Survival analysis of LTV (lifetime value) is a good place to start. It's pretty basic, but it gets the job done. But there is a lot of business intelligence work that you could do with what you have. If you have response rates to advertisements and such it could also provide you with a good way to look at effectiveness.
I agree with rolando2, the good the bad and the ugly - being mathematically defined, is challenging. Especially with no behavioural or secondary element in your data other than purchases, even something as simple as postal code could add fantastic information to your data for understanding things like locus of purchase (it it's a store). I guess you could segment by LTV percentiles... 30%, 50%, 80% (following the 80/20 business rule...).
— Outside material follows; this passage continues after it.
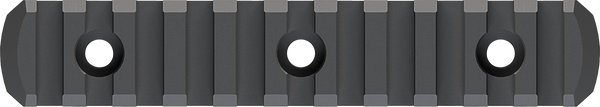 Magpul MAG593-BLK M-LOK Polymer Rail 11 Slots  Black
In terms of software, I have no idea how to do this in Excel or STATA. But, for R there's a mixed intro and example of survival analysis using the
survival package here: http://sociology.uwo.ca/plcs/pdf/Bruce%20Jones%20survival_talk.pdf from Bruce Jones at the University of Western Ontario. I'm Canadian, sue me.
In his example, Death, would be something like your average time between purchases identified in the data as 0 or 1 if the observation did purchase in the last average time between purchases. Some people like to set this up as Purchased in Last 3 Months... but obviously it's different for every type of business. You wouldn't by a car every month, would you? So that's a judgement call on your end.
Otherwise, there's a lot of interesting things that you can do with your data from a business intelligence perspective. Average purchase price, number of items purchased based on stack outs in a store, or banners on a website if you know the time that the ad or stack out was placed.... those are just a few examples.